> Work task
Using the records that appear below, write out exactly the lines from the one with "Wholesale Black Zircon" through the one with "Комплект светодиодных ламп", keeping both end lines.

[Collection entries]
+ + + +

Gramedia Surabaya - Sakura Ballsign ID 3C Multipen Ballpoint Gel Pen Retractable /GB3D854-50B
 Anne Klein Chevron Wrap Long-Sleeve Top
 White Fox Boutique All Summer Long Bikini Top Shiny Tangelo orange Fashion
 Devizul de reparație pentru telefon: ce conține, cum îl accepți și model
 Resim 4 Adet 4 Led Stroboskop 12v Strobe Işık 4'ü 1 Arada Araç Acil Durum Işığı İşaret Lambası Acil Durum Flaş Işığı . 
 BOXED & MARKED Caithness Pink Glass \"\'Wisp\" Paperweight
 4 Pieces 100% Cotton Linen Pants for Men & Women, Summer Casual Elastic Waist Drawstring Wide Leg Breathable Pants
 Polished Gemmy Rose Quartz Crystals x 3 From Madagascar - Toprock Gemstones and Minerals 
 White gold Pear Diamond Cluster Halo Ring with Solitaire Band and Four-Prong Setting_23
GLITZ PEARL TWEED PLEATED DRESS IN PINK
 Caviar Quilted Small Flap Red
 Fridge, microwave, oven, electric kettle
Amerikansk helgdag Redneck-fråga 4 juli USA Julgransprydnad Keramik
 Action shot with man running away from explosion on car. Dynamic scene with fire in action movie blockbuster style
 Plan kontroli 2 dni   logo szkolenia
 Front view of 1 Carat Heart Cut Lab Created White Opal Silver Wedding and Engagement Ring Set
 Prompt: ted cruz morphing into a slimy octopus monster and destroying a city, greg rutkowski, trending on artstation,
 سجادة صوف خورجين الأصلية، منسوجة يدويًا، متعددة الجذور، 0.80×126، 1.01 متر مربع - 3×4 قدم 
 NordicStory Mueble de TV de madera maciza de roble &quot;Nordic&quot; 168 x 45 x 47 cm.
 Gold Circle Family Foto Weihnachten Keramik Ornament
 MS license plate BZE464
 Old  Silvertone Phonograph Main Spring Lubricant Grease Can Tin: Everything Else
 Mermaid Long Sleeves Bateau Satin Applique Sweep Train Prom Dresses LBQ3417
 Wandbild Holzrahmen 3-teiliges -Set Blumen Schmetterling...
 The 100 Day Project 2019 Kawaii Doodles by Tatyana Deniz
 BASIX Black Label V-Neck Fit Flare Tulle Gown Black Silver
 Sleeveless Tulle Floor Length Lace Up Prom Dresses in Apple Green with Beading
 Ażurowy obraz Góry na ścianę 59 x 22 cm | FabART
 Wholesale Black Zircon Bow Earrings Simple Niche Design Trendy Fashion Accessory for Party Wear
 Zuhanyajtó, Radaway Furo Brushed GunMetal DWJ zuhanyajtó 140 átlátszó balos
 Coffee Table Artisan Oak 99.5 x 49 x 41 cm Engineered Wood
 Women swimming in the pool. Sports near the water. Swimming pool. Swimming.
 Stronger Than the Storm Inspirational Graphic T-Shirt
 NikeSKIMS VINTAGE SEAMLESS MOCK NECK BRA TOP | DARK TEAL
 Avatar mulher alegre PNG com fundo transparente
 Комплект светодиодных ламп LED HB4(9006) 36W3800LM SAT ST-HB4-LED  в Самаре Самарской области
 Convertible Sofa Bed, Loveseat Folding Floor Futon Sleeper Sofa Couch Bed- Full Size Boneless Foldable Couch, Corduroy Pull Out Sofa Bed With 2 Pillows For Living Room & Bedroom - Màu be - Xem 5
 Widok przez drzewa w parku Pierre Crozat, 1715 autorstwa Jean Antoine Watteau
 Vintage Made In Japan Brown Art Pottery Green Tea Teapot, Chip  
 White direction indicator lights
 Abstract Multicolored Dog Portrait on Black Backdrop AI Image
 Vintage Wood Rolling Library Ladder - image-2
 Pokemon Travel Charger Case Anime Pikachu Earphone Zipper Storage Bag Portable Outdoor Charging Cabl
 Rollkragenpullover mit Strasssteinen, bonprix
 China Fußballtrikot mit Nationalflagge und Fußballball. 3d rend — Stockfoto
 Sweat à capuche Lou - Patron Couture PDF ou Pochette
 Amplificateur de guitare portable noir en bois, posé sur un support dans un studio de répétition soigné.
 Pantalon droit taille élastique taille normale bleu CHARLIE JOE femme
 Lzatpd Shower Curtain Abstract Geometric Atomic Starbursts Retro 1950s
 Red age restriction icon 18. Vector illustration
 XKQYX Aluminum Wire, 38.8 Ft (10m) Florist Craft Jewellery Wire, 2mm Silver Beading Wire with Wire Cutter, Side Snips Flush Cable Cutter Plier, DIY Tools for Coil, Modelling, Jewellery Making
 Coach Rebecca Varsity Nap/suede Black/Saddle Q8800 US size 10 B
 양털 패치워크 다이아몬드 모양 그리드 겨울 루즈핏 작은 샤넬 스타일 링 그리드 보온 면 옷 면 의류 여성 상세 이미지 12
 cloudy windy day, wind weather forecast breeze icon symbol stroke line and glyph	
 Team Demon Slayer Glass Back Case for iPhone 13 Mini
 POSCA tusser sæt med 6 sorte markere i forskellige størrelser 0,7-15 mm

+ + + +

> Task response
 Wholesale Black Zircon Bow Earrings Simple Niche Design Trendy Fashion Accessory for Party Wear
 Zuhanyajtó, Radaway Furo Brushed GunMetal DWJ zuhanyajtó 140 átlátszó balos
 Coffee Table Artisan Oak 99.5 x 49 x 41 cm Engineered Wood
 Women swimming in the pool. Sports near the water. Swimming pool. Swimming.
 Stronger Than the Storm Inspirational Graphic T-Shirt
 NikeSKIMS VINTAGE SEAMLESS MOCK NECK BRA TOP | DARK TEAL
 Avatar mulher alegre PNG com fundo transparente
 Комплект светодиодных ламп LED HB4(9006) 36W3800LM SAT ST-HB4-LED  в Самаре Самарской области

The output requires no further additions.